É claro que o tema continuará "polêmico". Na verdade, todos os temas da reforma constitucional o são. E é óbvio que os interesses corporativos estreitos continuarão a se opor às reformas da administração pública. Quando a preocupação fundamental de um certo tipo de servidor é tirar vantagens do Estado, é conseguir sempre mais e mais benefícios, sem se solidarizar com a instituição como um todo, sem se preocupar com sua saúde e a solvência financeira, a oposição às reformas que eliminam privilégios estará sempre presente.
Essa oposição, na falta de bons argumentos para defender a aposentadoria por tempo de serviço, a aposentadoria integral, o regime jurídico único e a estabilidade indiscriminada e rígida, usa, muitas vezes, de recursos pouco civilizados, como ofensas pessoais colocadas em cartazes, alto-falantes, e até em comerciais de televisão. Mas esse tipo de "estratégia" acaba por desmoralizar seus autores.
Tenho sentido este fenômeno em várias ocasiões. Quando mostro a líderes sindicais que os funcionários públicos da União aposentados têm um benefício médio 13,5 vezes maior que o dos beneficiários do INSS, ou quando mostro que se aposentam antes dos 50 anos enquanto os trabalhadores mais pobres se aposentam em média com 62 anos, percebo que ficam embaraçados, senão envergonhados.
Se grupos corporativos, mas dignos, que defendem um serviço público prestigiado e bem pago, ficam envergonhados diante desses fatos, o que dizer dos cidadãos brasileiros, dos cidadãos contribuintes que pagam seus impostos e se sentem com o direito a um serviço público eficiente, de boa qualidade e sem privilégios? Os cidadãos não ficam envergonhados, ficam indignados.

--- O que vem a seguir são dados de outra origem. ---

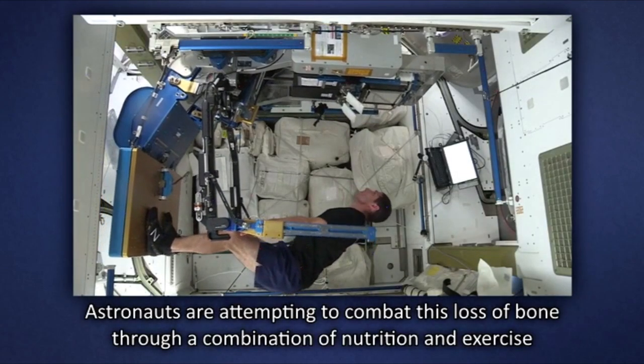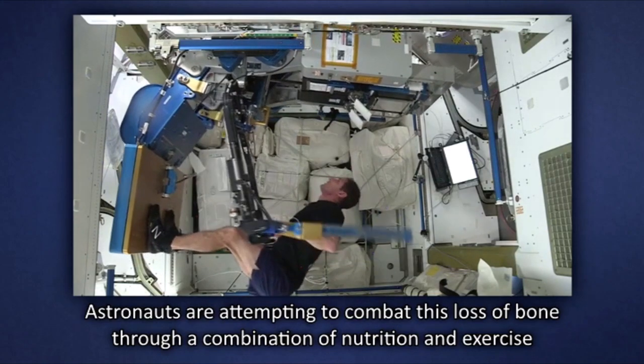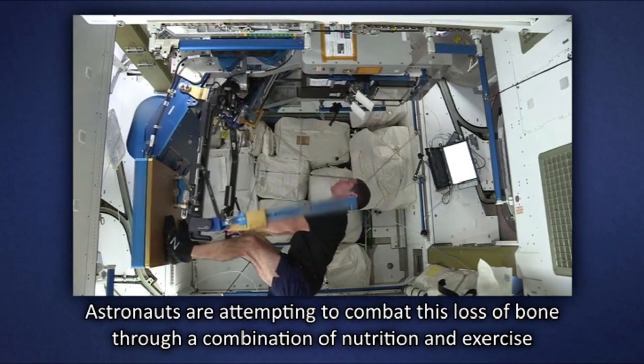Astronauts are attempting to combat this loss of bone through a combination of nutrition and exercise.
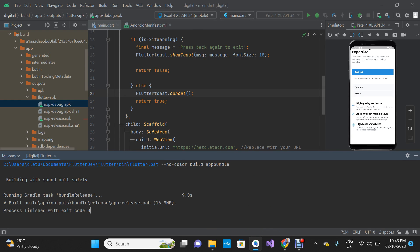Within 9.8 seconds the app bundle has been generated. The file extension is different — the .aab extension is for app bundle. Once you see this it means this is the app bundle version of your app. This is what you need to publish on your Play Store. The APK we generated first is for testing — you can send it to your phone, install it, and test the app.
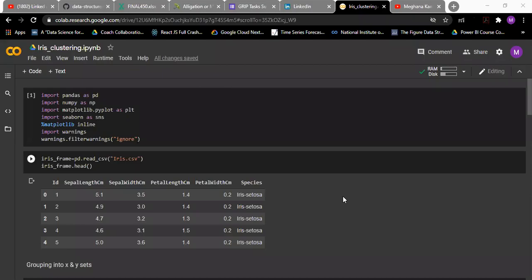Hello everyone, I am Meghna. I'm going to explain how to implement k-means clustering on the iris dataset.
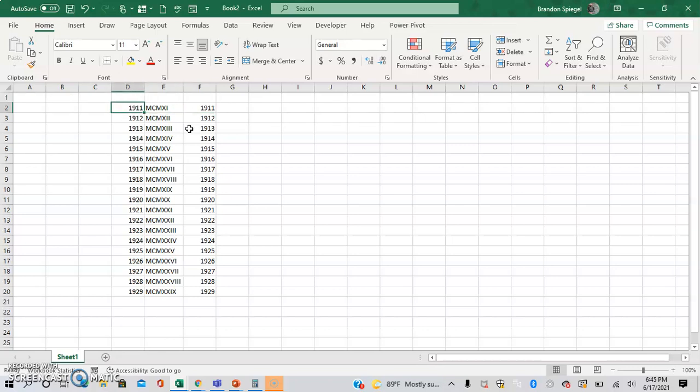So to convert an English or Arabic number or year to Roman numerals use the ROMAN function. To convert a Roman numeral back to an Arabic year or number use the ARABIC function.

Essa indignação é fundamental para que as reformas constitucionais sejam aprovadas. É uma indignação crescente. É uma indignação que colocou o tema da administração pública na agenda da reforma constitucional. É uma indignação que os deputados federais e os senadores saberão reconhecer. É, enfim, uma indignação que deixa o governo otimista em relação à reforma, embora o presidente em nenhum momento tenha deixado de alertar seus ministros sobre a dificuldade da tarefa e sobre a paciência e a capacidade de negociação que ela exigirá.